Ingester Lambda (Go)

func handler(ctx context.Context, evt events.S3Event) error {
    for _, rec := range evt.Records {
        body, err := s3Get(ctx, rec.S3.Bucket.Name, rec.S3.Object.Key)
        if err != nil {
            return fmt.Errorf("s3 get: %w", err)
        }

        chunks := chunkText(string(body), 500, 50)

        vecs, err := embedAll(ctx, chunks, 8)
        if err != nil {
            return fmt.Errorf("embed: %w", err)
        }

        if err := aossBulkIndex(ctx, rec.S3.Object.Key, chunks, vecs); err != nil {
            return fmt.Errorf("index: %w", err)
        }
    }
    return nil
}

embedAll runs bedrock:InvokeModel calls in parallel with a bounded worker pool and returns vectors in chunk order. aossBulkIndex issues one SigV4-signed POST /_bulk for all chunk/vector pairs.
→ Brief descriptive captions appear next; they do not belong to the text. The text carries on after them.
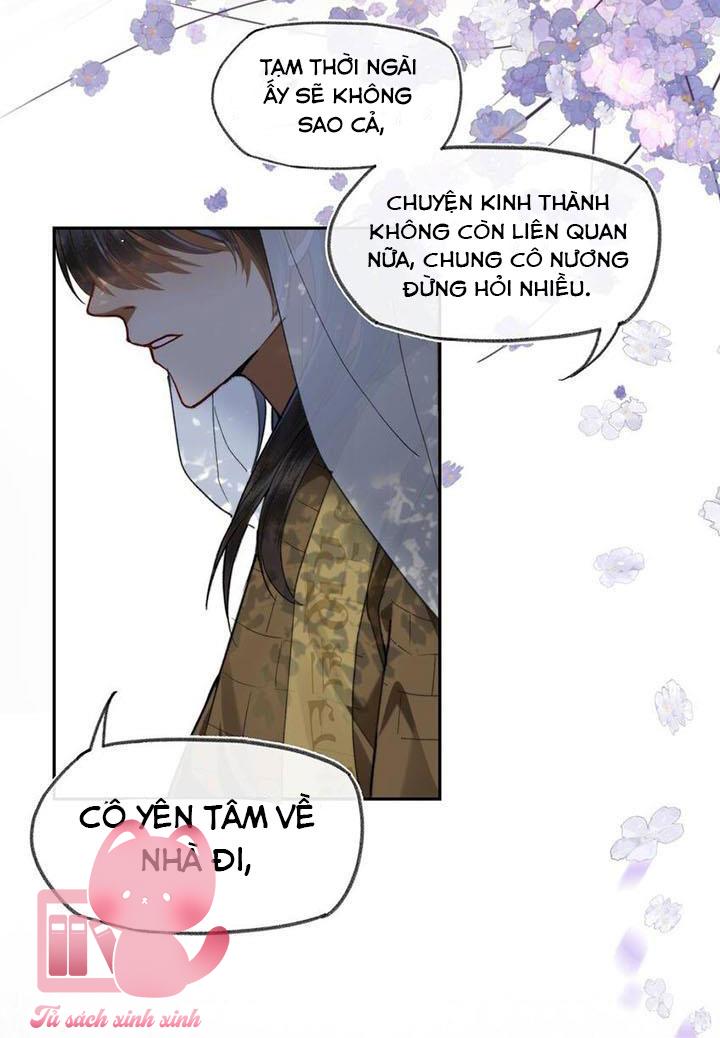 Phu Quân, Làm Ơn Để Ta Yên! - Chap 62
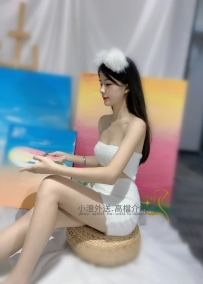 #極具誘惑力的甜美妹妹  隱藏著無限的性感  甜美的笑容時時刻刻挑逗著你慾望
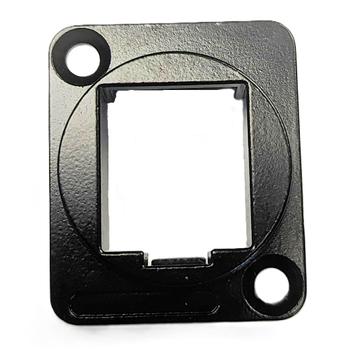 VIVOLINK Keystone To XLR Adapter (PROKEYADP-XLR)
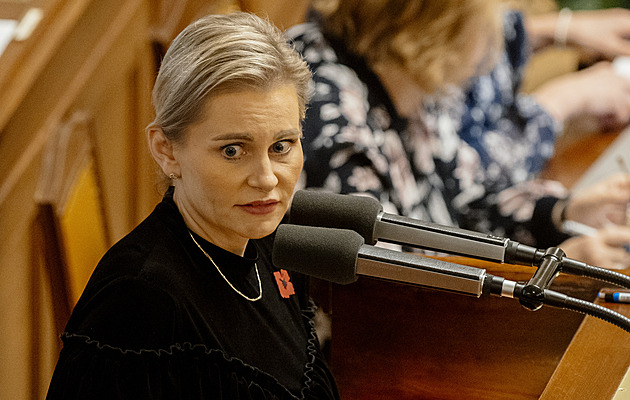 Rezignovat? Video je nelegální zásah do soukromí, zastává se nová koalice Rajchla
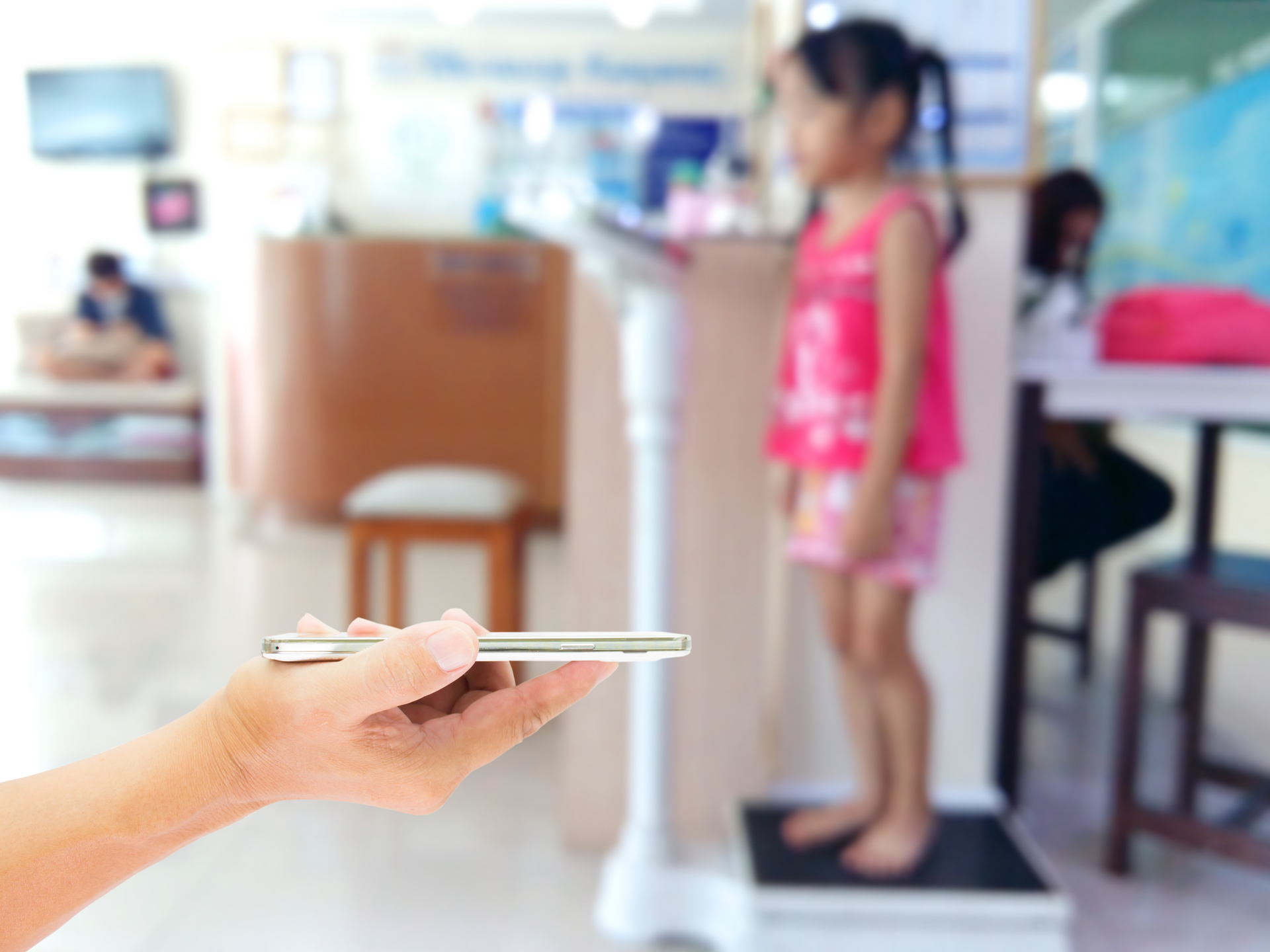 Un nouveau test génétique prédit l’obésité chez l’enfant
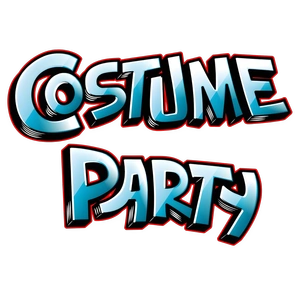 Costume Party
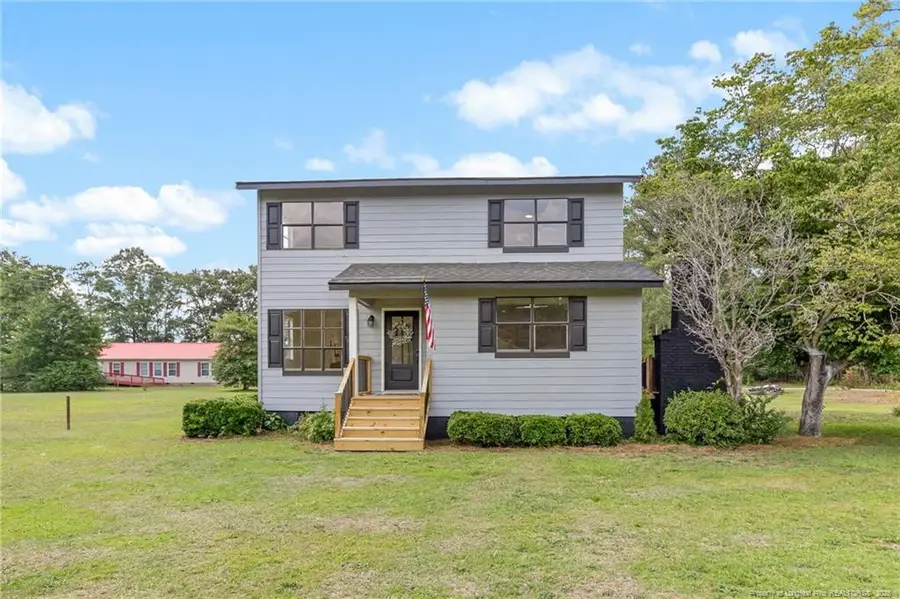 6951 Johnson Road, Fayetteville, NC 28312 - #2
Each indexed document has shape {"text": chunk, "embedding": vec, "source": key}.

Query Lambda (Go)

func handler(ctx context.Context, req events.APIGatewayProxyRequest) (*events.APIGatewayProxyResponse, error) {
    var body struct {
        Question string `json:"question"`
    }
    if err := json.Unmarshal([]byte(req.Body), &body); err != nil {
        return utils.BadRequest("invalid json"), nil
    }

    qvec, err := bedrockEmbed(ctx, body.Question)
    if err != nil {
        return nil, fmt.Errorf("embed query: %w", err)
    }

    chunks, err := aossKNN(ctx, qvec, 5)
    if err != nil {
        return nil, fmt.Errorf("retrieve: %w", err)
    }

    prompt := buildPrompt(body.Question, chunks)
    answer, err := bedrockGenerate(ctx, prompt)
    if err != nil {
        return nil, fmt.Errorf("generate: %w", err)
    }

    return utils.SuccessResponse(200, map[string]any{
        "answer":  answer,
        "sources": chunkSources(chunks),
    }), nil
}

buildPrompt numbers the retrieved chunks and instructs Claude to cite them. aossKNN runs an OpenSearch knn query against the embedding field.

Suggested Next Steps

Add reranking. Plug a cross-encoder call between aossKNN and buildPrompt.
Add hybrid search. OpenSearch supports it natively: combine a knn query with a match clause and tune the weights.
Add evaluation. Keep a small set of test questions with known good answers and rerun them after each change, so you can tell whether retrieval and answers are getting better or worse.

Conclusion

RAG is one of the highest-leverage patterns in applied LLM work: easy to start, hard to get right at scale. The concepts are simple, the best practices are where production lives, and the AWS build above is a starting line, not a finish.

If you build on this, the two follow-ups worth their own posts are evaluation (how to know your retrieval is actually getting better) and reranking (the single biggest precision lever after hybrid search). Those are the two areas that usually decide whether a RAG system stays a demo or becomes reliable in production.